Wednesday, September 15, 2010

Ubuntu Upgrades

Recently Linux visitors to my site seem to outnumber Mac visitors, sometimes by 2 to 1. Ten percent of visitors are from Japan (at the moment), so those LXers are not just me re-loading my own page. I really do think there could be a stampede to Linux in the form of Google's Chrome OS. I'd like to see Chrome pass Mac OS and get alot of attention in the process, bursting Steve's bubble. I expect that it has a fairly good chance of doing that and becoming a phenomenon similar to what they've done with Android. This might make a major dent in the Microsoft monopoly or Win-Mac duopoly.

I recently upgraded two machines to Ubuntu 10.04.1. I hadn't made the change earlier because Lucid came out in late April, several weeks into the first semester of the new school year in Japan. And since I immediately went on vacation in August, I didn't have a chance to install until late August. The exception is the Asus Eee 4G, my most expendable computer and therefore a test bed, which has had Xubuntu 10.04 on the SSD and Ubuntu 10.04 on the SD card and which performed excellently as a vacation computer, within the limitations of the 7" screen and a slow processor. That's a configuration I can recommend; I usually boot the SD Ubuntu rather than the Xubuntu option.

The two others were the Asus 1000HE and the Apple Mac Mini. I upgraded the 1000HE through the Update Manager (Preferences>Update Manager>Distribution Upgrade). That seemed to go well, but afterwards the computer had devolved into the Netbook Edition that it had begun as long ago when I first made it dual-boot. I despise the Netbook Edition since it uses space less efficiently than regular Ubuntu. However, it was a deformed and disfigured Netbook Edition, with a stub menu and nothing there. I was able to add an item to the menu and restart it. I found that the solution is to select a GNOME session at startup, not Netbook Edition, and then use Synaptic to remove all Netbook Edition packages so it can only boot as GNOME or something equally reasonable at startup. If Lucid is stable on this machine I may be able to stick with that for a few years. Some Skype test calls were a little dodgy at first; I'll have to check some real calls to see if audio is really OK.
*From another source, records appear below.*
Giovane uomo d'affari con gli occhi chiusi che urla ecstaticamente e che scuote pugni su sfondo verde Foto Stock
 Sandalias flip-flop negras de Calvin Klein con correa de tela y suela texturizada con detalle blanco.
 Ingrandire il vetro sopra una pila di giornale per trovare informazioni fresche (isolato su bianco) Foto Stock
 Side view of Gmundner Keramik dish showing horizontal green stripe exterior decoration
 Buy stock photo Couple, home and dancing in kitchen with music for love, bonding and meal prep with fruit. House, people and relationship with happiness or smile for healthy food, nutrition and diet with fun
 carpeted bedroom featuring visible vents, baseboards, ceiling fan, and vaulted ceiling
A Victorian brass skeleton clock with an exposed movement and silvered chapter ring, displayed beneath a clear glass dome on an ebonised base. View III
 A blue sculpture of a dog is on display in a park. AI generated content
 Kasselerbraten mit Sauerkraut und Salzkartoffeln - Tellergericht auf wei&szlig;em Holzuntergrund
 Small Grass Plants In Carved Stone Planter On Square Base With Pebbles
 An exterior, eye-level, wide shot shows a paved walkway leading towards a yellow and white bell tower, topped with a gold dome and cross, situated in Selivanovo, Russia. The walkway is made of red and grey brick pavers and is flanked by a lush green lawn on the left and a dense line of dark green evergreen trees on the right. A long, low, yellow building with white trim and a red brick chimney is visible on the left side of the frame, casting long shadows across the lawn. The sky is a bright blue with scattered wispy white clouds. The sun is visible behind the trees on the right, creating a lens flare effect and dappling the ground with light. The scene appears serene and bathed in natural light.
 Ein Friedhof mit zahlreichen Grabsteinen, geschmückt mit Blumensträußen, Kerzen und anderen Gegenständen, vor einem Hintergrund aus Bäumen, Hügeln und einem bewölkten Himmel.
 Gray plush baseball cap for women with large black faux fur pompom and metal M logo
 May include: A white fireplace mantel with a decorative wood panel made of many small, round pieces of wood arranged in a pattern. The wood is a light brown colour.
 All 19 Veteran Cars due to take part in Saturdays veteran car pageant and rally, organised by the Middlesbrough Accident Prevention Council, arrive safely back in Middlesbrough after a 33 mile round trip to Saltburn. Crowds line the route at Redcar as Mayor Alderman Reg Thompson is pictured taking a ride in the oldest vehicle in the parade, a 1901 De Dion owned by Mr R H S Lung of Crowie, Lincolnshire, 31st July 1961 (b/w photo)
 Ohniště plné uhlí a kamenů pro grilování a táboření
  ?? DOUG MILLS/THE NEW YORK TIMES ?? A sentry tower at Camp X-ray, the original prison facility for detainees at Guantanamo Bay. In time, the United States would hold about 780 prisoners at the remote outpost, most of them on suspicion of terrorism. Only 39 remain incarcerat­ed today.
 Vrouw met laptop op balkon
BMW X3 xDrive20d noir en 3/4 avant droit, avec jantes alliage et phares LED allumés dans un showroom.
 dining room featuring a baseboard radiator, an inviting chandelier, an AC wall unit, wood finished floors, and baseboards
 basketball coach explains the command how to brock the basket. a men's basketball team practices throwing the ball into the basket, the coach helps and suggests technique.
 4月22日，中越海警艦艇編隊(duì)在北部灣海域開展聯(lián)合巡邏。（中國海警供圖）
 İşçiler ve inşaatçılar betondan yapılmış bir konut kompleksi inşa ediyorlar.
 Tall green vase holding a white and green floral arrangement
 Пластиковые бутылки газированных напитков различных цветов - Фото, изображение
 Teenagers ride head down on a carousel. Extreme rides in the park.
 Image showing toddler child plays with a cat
I was a little worried about the Mac Mini since the install seems rather fragile, and after rEFIt hands the boot off to GRUB2, it all took about 5-7 minutes to re-boot. Of course, you could go months between reboots. I usually log out and log back in if something appears glitchy. Sometimes it froze during bootup and I worried that it was lost. I used an Ubuntu Studio DVD for this upgrade. It went very well, although it didn't seem to transform from Edubuntu to Ubuntu Studio as I had thought it would. Perhaps only packages relevant to Edubuntu were upgraded from the DVD as one source, the rest from the internet. Performance has improved: the Mac Mini goes to sleep and the on/off/sleep light pulses gently as it does as a Mac, Bluetooth is working perfectly now where it didn't before (or maybe I was just doing it wrong before?), and that troublesome bootup is now about 2-3 minutes, slightly long but better than some Windows machines I use in universities and perhaps just about par for the Linux-on-a-Mac course.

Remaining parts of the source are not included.